Da poche settimane si sono chiuse le celebrazioni per il settimo centenario della fondazione dell’Ateneo di Perugia. A coronamento di questo evento giunge una circolare del rettore significativamente intitolata «Frequentazione di strutture dell’Università da parte di personale esterno (c.n.)» con cui si ingiunge ai responsabili delle strutture universitarie, presidi, direttori di dipartimenti, presidenti di corsi di laurea, ecc., di impedire l’accesso nelle suddette strutture a quei ricercatori precari, per lo più giovani studiose e studiosi, talora ex-dottorande/i ed ex-assegniste/i, che svolgono normalmente attività didattica e di ricerca a titolo gratuito nell’università di Perugia, così come in ogni altra università italiana.

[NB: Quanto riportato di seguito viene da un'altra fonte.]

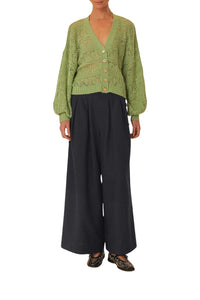 Pantalon à boutons en coton - Noir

Ragioni del divieto i possibili danni che «tali soggetti» potrebbero subire o arrecare a persone e cose nei locali dell’università, nonché «gli indebiti costi che la loro permanenza comporta.. per l’Ateneo».
È dunque questa l’Universitas, lo Studium Generale, che con giusto orgoglio il Rettore ha celebrato per un intero anno? Il luogo chiuso, angusto e fobico che la circolare propone? Ma l’Università è al contrario sempre stata uno spazio aperto, un luogo di incontro di saperi e di culture; è questo il suo ambito e il suo confine naturale, certamente non circoscrivibile in ragione dello status di chi vi partecipa. La libertà di insegnamento e di ricerca sono ciò che, nonostante tutto, ha consentito all’università italiana di sopravvivere e progredire, di produrre e diffondere conoscenza, e sono ancora oggi riconosciute, coltivate e difese come uno dei fondamenti della società democratica.

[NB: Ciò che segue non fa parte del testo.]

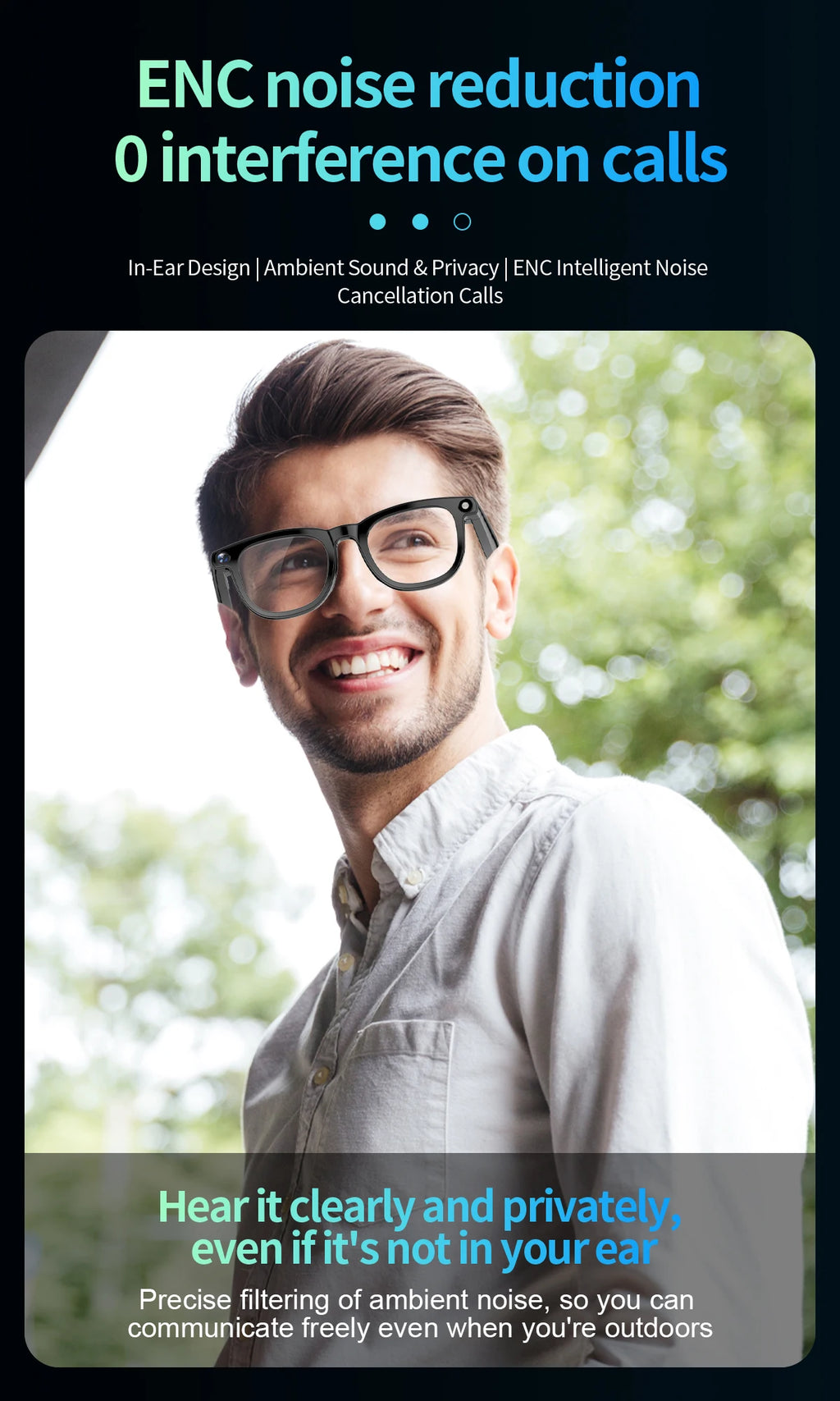 Gafas inteligentes con cámara de píxeles de 800 W, foto y vídeo, gafas de sol con IA, traducción de conversaciones, reuniones de oficina, música y reconocimiento de IA.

Possiamo davvero considerare la ricchezza, materiale e immateriale, che i giovani ricercatori producono per e nell’università una fonte di danno? In realtà è stranoto che una gran parte del lavoro cognitivo che si fa nell’università italiana è svolto da ricercatori non pagati. L’università di Perugia non fa eccezione in questo, al contrario il budget che è in grado di destinare all’organico è così limitato che le possibilità di strutturare i giovani ricercatori sono oggi esigue ed anche in futuro si dovrà fare affidamento sul lavoro precario per garantire il normale funzionamento delle facoltà. Stupisce allora che il rettore Bistoni, ormai giunto al nono o decimo anno di mandato, venga a conoscenza solo adesso della «…continuativa presenza all’interno delle diverse strutture universitarie, di personale estraneo all’Ateneo per lo svolgimento di collaborazioni gratuite nelle varie attività» (sic!).

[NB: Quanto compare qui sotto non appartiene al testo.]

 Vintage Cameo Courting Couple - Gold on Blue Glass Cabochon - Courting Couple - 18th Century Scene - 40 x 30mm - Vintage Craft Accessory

Quale università ha governato sin ora?
La verità è che negli ultimi mesi i giovani precari che operano nell’università di Perugia si sono organizzati per rivendicare il riconoscimento di un ruolo all’interno dell’Ateneo. Non a caso la circolare rettorale paventa la possibilità di rivendicazioni «comportanti ingenti oneri per l’Ateneo» relative a prestazioni irregolari non seguite da compensi e versamenti contributivi. E tuttavia l’obiettivo non è solo goffamente prudenziale. Dietro la circolare c’è qualcosa di ulteriore e diverso, ossia l’intento di allontanare fisicamente gli «agitatori»: agli aderenti alle associazioni che «perseguano scopi di tutela dei diritti degli associati contro l’Ateneo» – cosa che evidentemente è vista come di per sé sovversiva e illegittima – deve assolutamente essere preclusa «la frequentazione e l’uso delle strutture dell’Università». Non solo l’università non è più il luogo dove la libertà costituzionale di associarsi può essere esercitata. Quest’ultima diventa persino l’occasione per una discriminazione su base personale: non solo e non tanto è interdetta l’attività della tale associazione all’interno delle strutture universitarie, quanto piuttosto è fatto divieto ai suoi aderenti, in quanto tali, di avervi accesso.